Monday, October 22, 2012

Bulls for Sale for Fall Calving

In Focus, Black Angus Bull born March 2011
Cows can have their calves (calving)  at any time of the year (females cycle every 21 days and take nine months for gestation). Traditionally farmers breed their cows to calve in March.  The idea being that the cows will nurse their calves on spring and summer pastures when forage is abundant.

The problem with spring calving for me is wet, chilly or muggy weather that can kill even the hardiest calves.  The result is many farmers delay calving until April and May which means smaller calves when its time to sell them in the fall - a traditional time to sell calves. That means less money for calves, though the cost of keeping the cow doesn't change.  

As a result farmers have changed to breeding their cows for fall calving.  This means the calves are ready to sell in the spring when prices are often higher.  The calves come in good weather on dry pastures and usually the cows have enough nutrition rich forage in the pastures to get the calves off to a good start before bad weather sets in.

BTAP ZZ Tom, born March 15, 2012,  an exceptionally nice 600lb plus bull calf.
Cows nursing calves through the winter need extra nutrition, so feed costs are a little higher, but the extra cost should be offset by higher spring prices and less calf loss. 

Personally I like to breed my cows to calve in January and February.  Usually in those months we have cold, dry weather or some snow, but frozen ground.  Disease can't get started and as long as the cows are well fed and producing rich warm milk, the calves thrive.  I provide a calf pen in the barn that only the calves can access so they get shelter from wind and storms and are safe from the big animals laying on them or stepping on them.
BTAP Thor, born January 2011 in an ice storm.
 
Usually, I'm pretty sure when a cow is going to calve and I keep her near a barn where I can watch her.  I prefer the calves be born on clean pastures to control any threat of disease and mostly the cows like to calve outside as well.  It's important though to provide barn access and most cows who calve outside in cold weather will bring their calves into the barn after the first six hours or so.

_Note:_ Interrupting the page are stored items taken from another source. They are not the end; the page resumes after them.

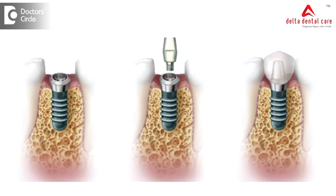Dental implants can be placed in different procedural ways. There is a single stage or one stage implant, or a two stage implant. A one stage implant is when we place the implant and restore the tooth with a functional tooth on top of the implant on the same day — the implant is embedded inside the bone and the tooth portion is also given on the same day. This is called a one stage or single stage implant.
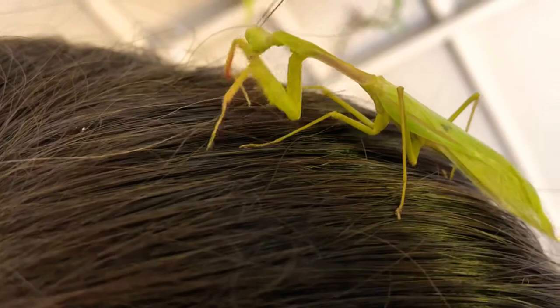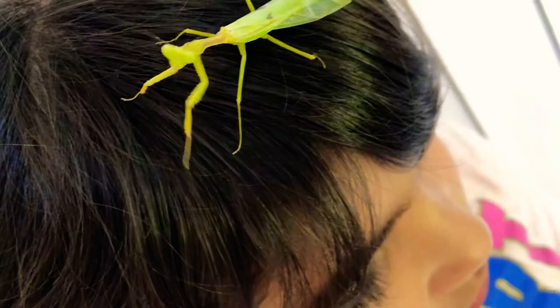The praying mantis is a creature that walks around in the grass. It can camouflage — it's kind of like a leaf, but it's an insect. When you're holding it, it actually tickles because of its legs. Right now it's on my head.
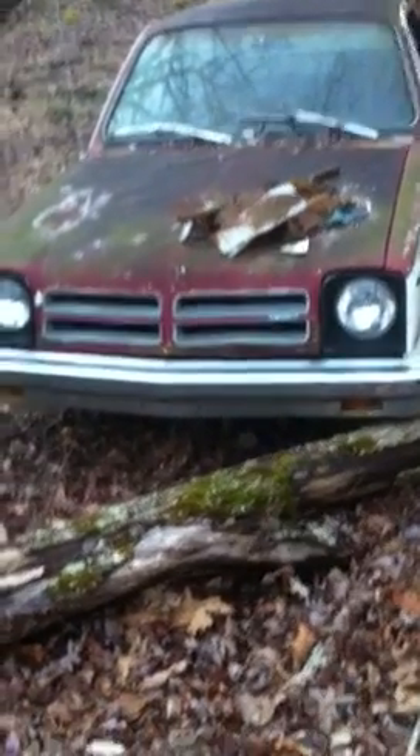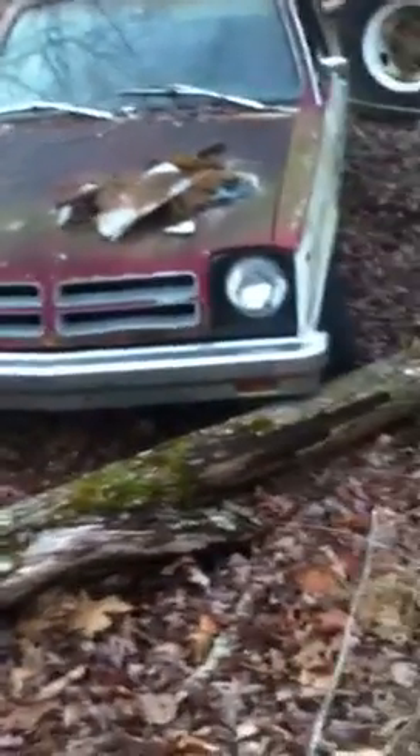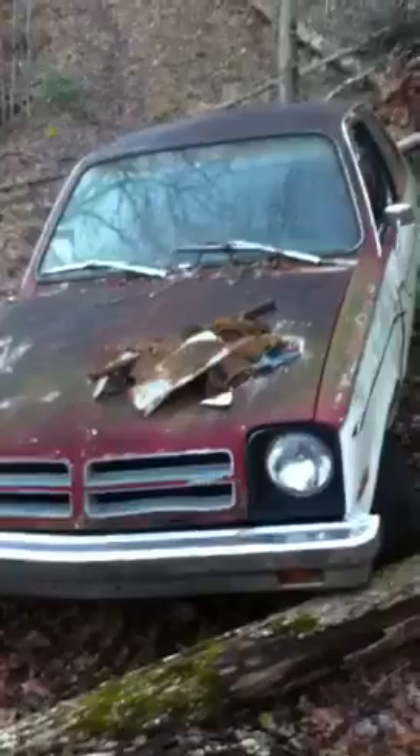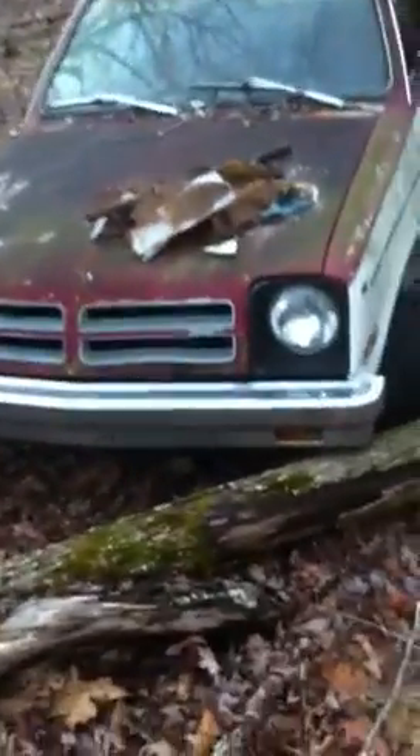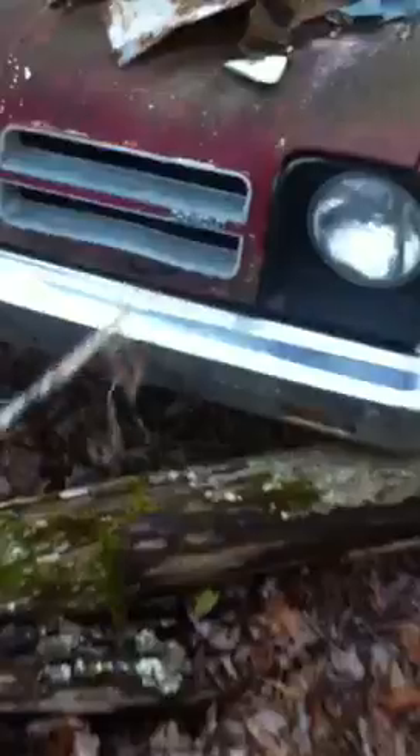Got a little Chevrolet Chevette for sale. I'm gonna make another video — I don't have time but I can't remember if it's got an engine in it or not. Got a little rusty spot in the grill right there. It's got some stuff piled on the hood but the hood looks good. I'll have to clean it off later.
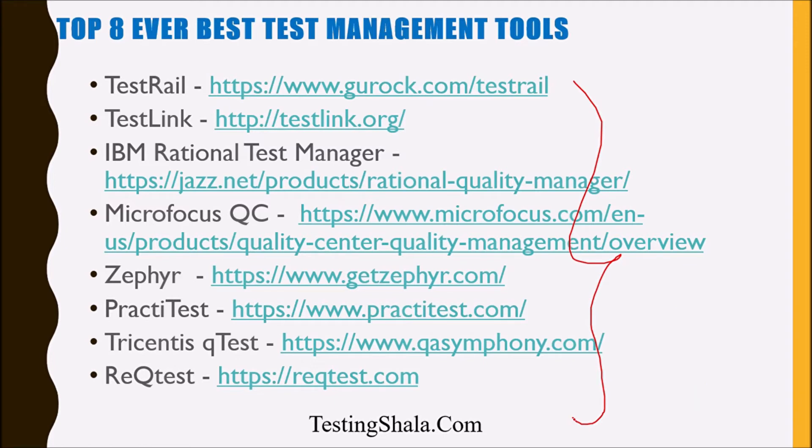These are very well-used test management tools. I hope this video was helpful for you to identify the right test management tools for your project. If you enjoyed watching this video, please click the Like button. If you visited Testing Shala YouTube channel for the first time, please click on Subscribe and bell notification so all our future software testing videos will be in your inbox. Thanks for watching — bye for now, take care, see you!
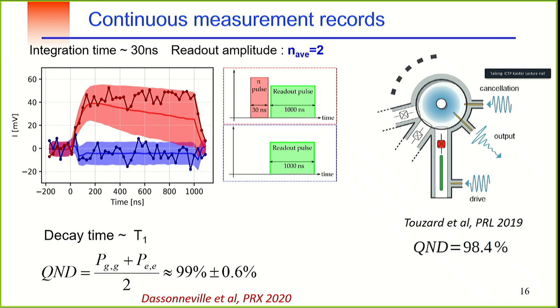We can also perform continuous measurements. This is a quantum trajectory where each point corresponds to an integration time of 30 nanoseconds. In a single trajectory, you can observe the qubit's evolution in the time domain with 30 ns resolution. By analyzing all the histogram statistics from such trajectories, we recover a decay consistent with independent T1 measurements, confirming the weak back-action of this cross-χ coupling readout.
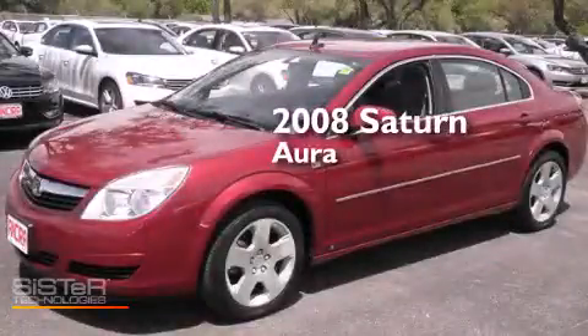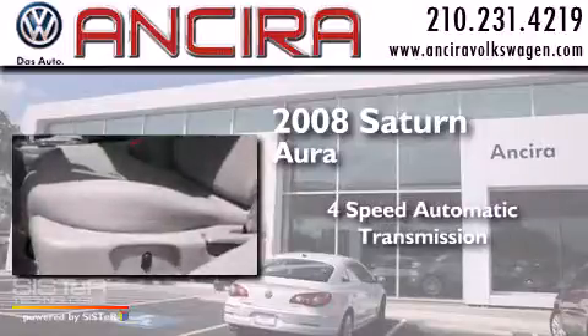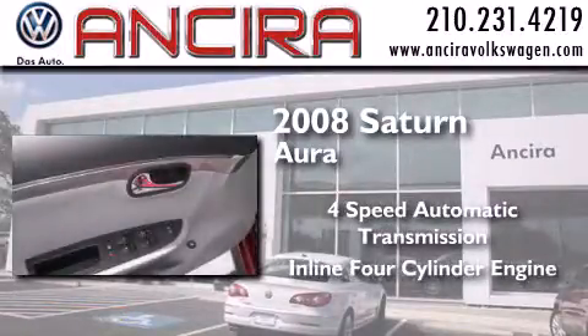This is a 2008 Saturn Aura. This four-door sedan has a four-speed automatic transmission and an inline four-cylinder engine.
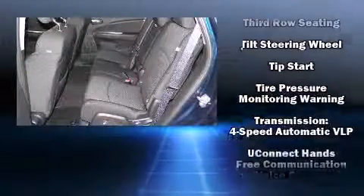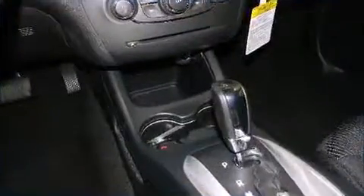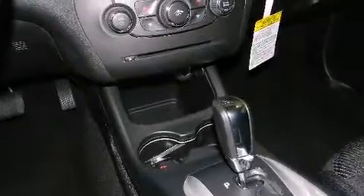Side-curtain airbags deploy in extreme circumstances, shielding you and your passengers from collision forces.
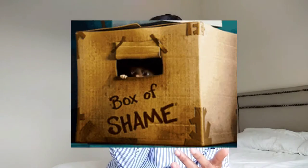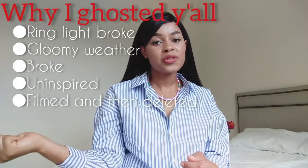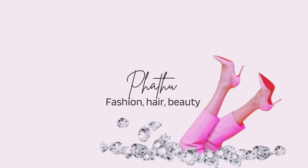Hi guys, welcome back to my channel, or welcome if you're new. To those of you who've been here before, I'm so sorry — I haven't uploaded in a few months and a lot has been going on. I'll list everything on screen if you're interested, but if not, let's get started. In today's video I'm going to be styling a button-down shirt which happens to have stripes — a wardrobe staple that I really love.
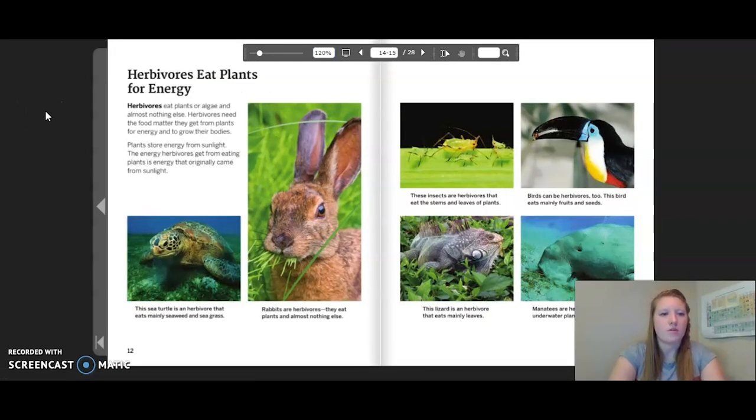Herbivores eat plants for energy. Herbivores eat plants or algae and almost nothing else. Herbivores need the food matter they get from plants for energy and to grow their bodies. Plants store energy from sunlight, so the energy herbivores get from eating plants is energy that originally came from the sun. The sea turtle is a herbivore that eats mainly seaweed and seagrass. Rabbits are herbivores — they eat plants and almost nothing else. These insects are herbivores that eat the stems of leaves and plants. Birds can be herbivores too; this bird eats mainly fruits and seeds. This lizard is an herbivore that eats mainly leaves. Manatees are herbivores that eat underwater plants.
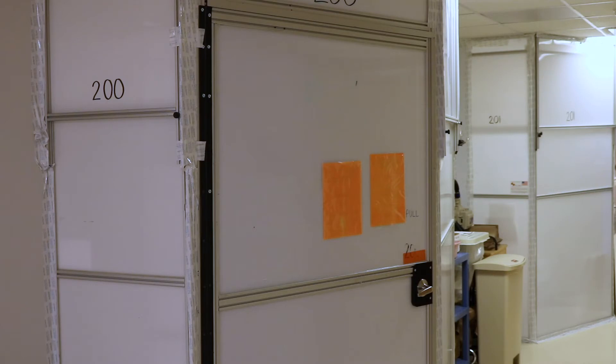So it's really important that we have these negative pressure rooms in order to protect the caregivers, visitors, and anybody that might come near that patient or near that room.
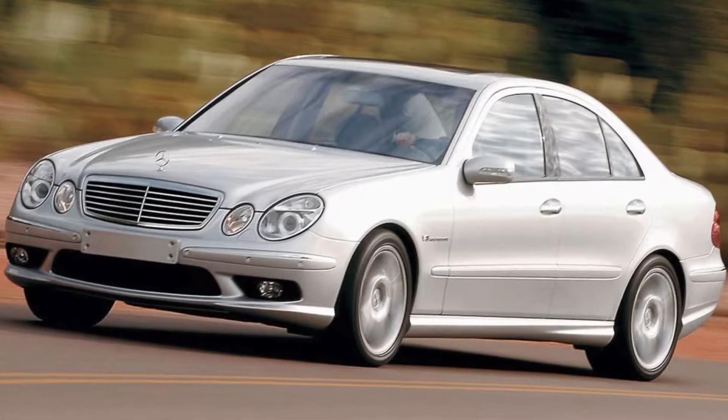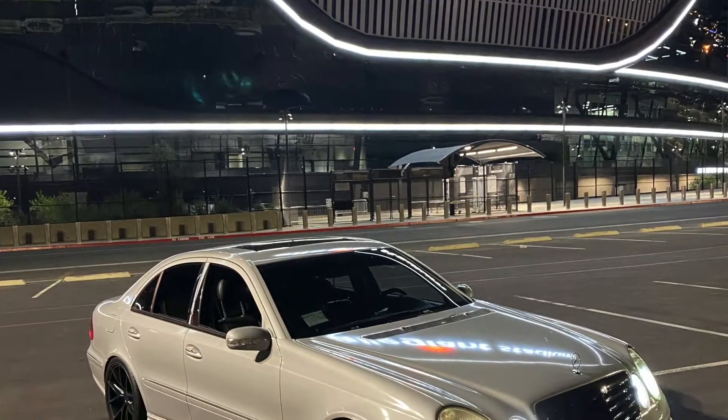Number one on this list is the looks of the car. The E55 is part of the W211 chassis, which is the E-Class chassis that ran from model year 2003 all the way to 2009. The W212 is the newer E-Class, and before 2003 it's the W210. Mine is a 2004, which means it is pre-facelift, but it has the upgraded facelifted E63 front bumper and E63 rear taillights.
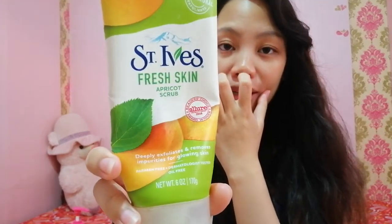Moving on to skincare. I use St. Ives Fresh Skin Apricot Scrub. I've had this for a long time — I think six months or more. It's almost empty. Very economical to use because you only need a little. I use it for exfoliation about two or three times a week, not daily. Because using it daily is too harsh on the skin.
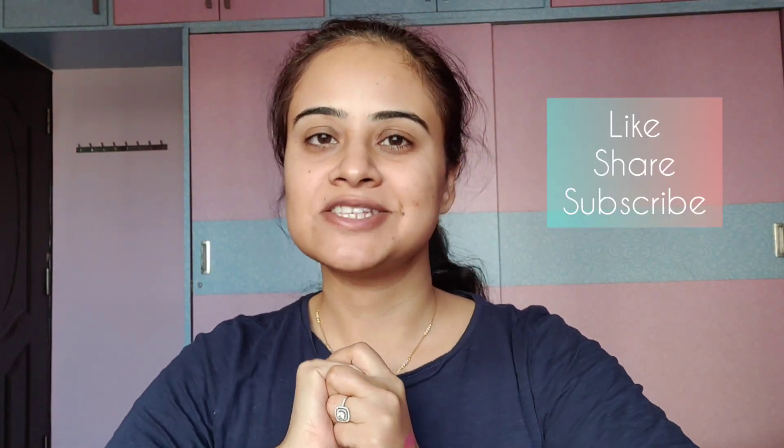That's about it for this video. I hope you guys enjoyed it — please let me know in the comment section, like the video, and please subscribe to my channel. I'll see you soon, bye!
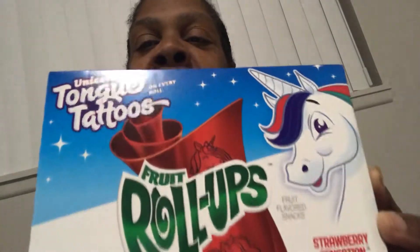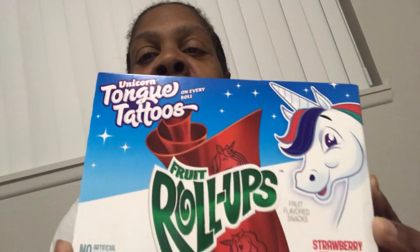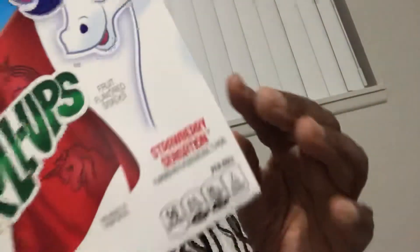First I have these fruit roll-ups — they are unicorn fruit roll-ups. I've never had these before, so it's going to be a first time. It does say it has a tongue tattoo; I won't be doing that, but I will be opening and showing you the design. They come in 10 packs, are classified as strawberry sensations, have 50 calories in each one, and feature unicorn tongue tattoos on every roll. No artificial flavors and gelatin free.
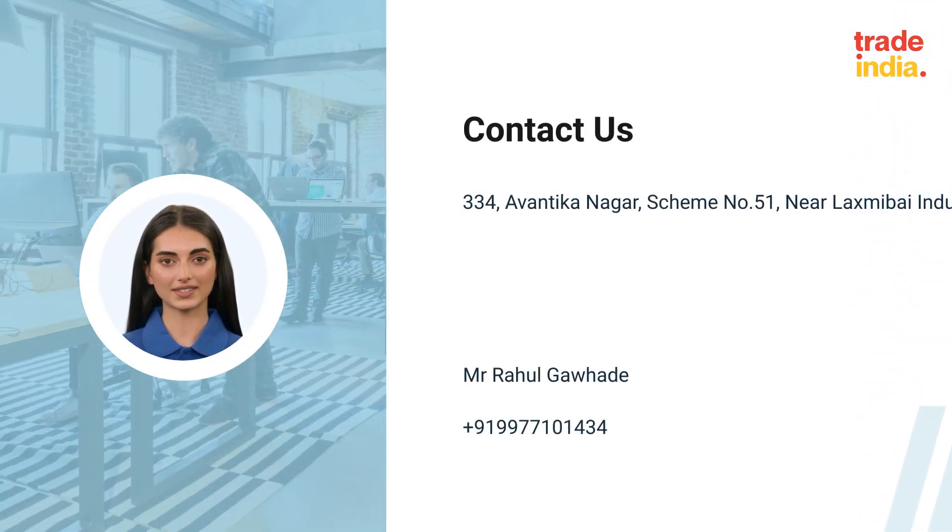Please don't hesitate to contact us. Thank you for choosing our Proxima Lighting Solution.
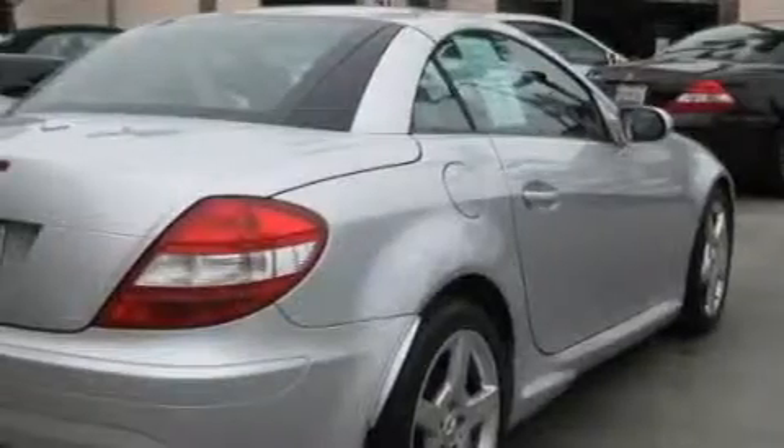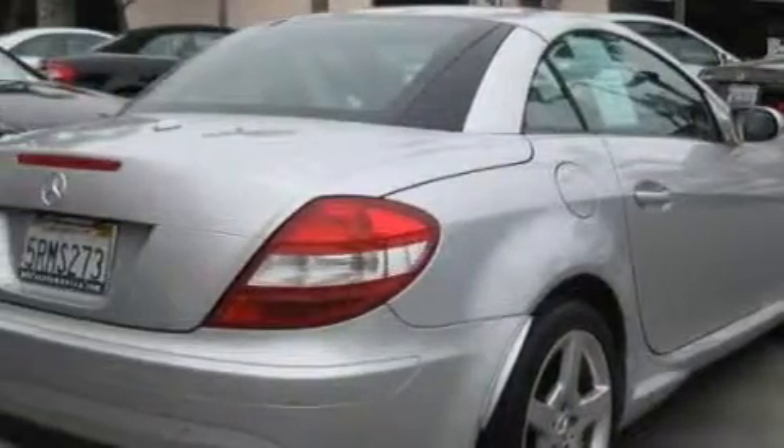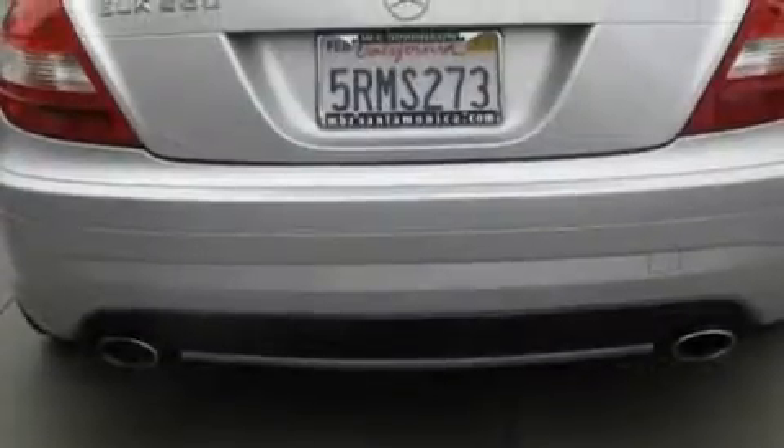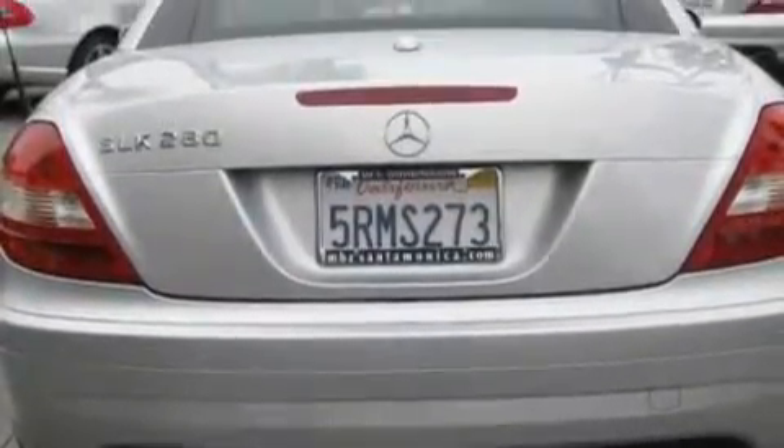This Mercedes-Benz has a long list of incredible features including height adjustable driver and passenger seats, heated washer fluid, a CD player, an online information system, a brake assist system, a rear view mirror, and this vehicle has just over 27,000 miles.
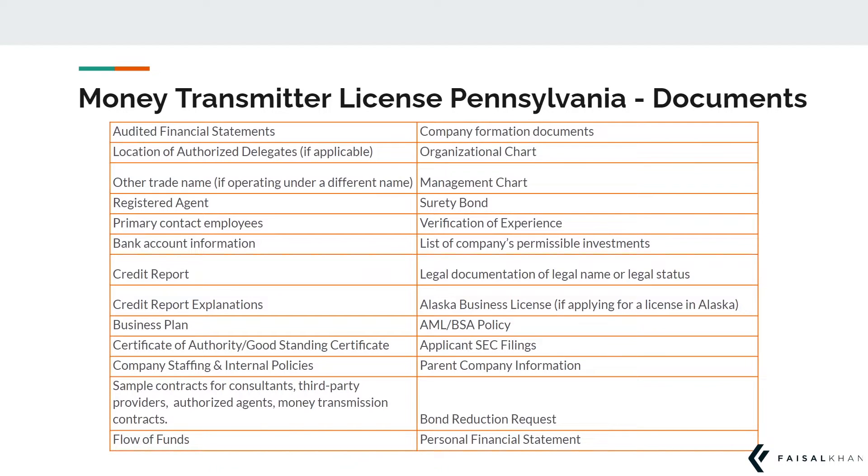In order to obtain this license, you will first need to submit an application with the NMLS along with the following documents, such as audited financial statements, business plan, surety bonds, etc. You can pause this video to read through the entire list of required documents presented here.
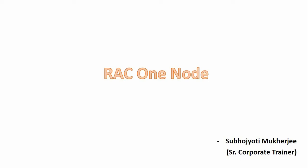Hello friends, my name is Shubhayuthi Mukhalji. I am a senior corporate trainer in Koenig Solutions. In this video, I will discuss Oracle RAC One Node.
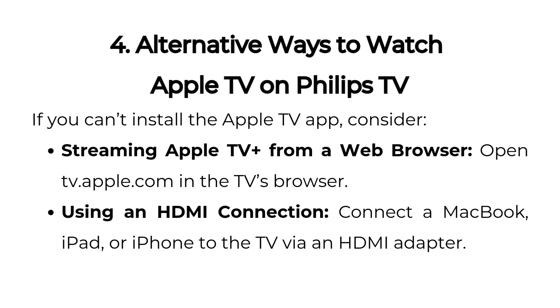Alternative ways to watch Apple TV on Philips TV: if you can't install the Apple TV app, consider streaming Apple TV Plus from a web browser — open tv.apple.com in the TV's browser. You can also use an HDMI connection by connecting a MacBook, iPad, or iPhone to the TV via an HDMI adapter.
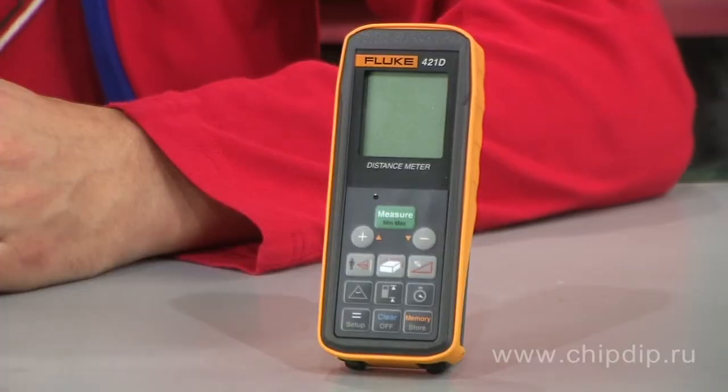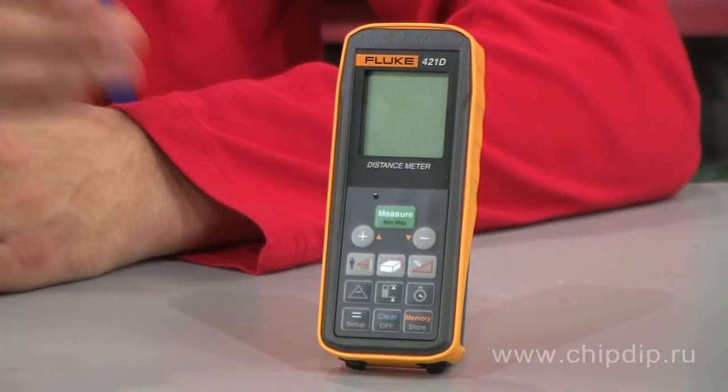Fluke Corporation, a world leader in the sphere of measuring technologies and the leading supplier of portable monitoring instruments, has produced a new laser distance meter, the Fluke 42-1D, intended for accurate and quick measurements of distances of up to 100 meters with the help of improved laser technology.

The exception was BTAP Thor (pictured above).  His mother, Valentine, (born February 2000) is my oldest cow, the first Limousin ever born on the farm.  She had not had a calf in 2010 after giving birth to twins in 2009, so I was caught off guard when she didn't come to the barn for feeding time one January afternoon.  I found her back in the far woods obviously in labor with an ice storm just starting to pelt us.  There was no time to move her almost half a mile to the nearest barn so I brought her straw for bedding, hay and grain to eat and she chose to keep her calf under a large evergreen wild cedar tree.  Every day for a week it rained or snowed and I worried about the calf. I brought Valentine more hay and grain each day and thought I would surely find the little guy dead of cold. But after a week she proudly brought him to the barn and he has been a strong healthy bull, breeding cows this summer and looking forward to his second birthday this coming January.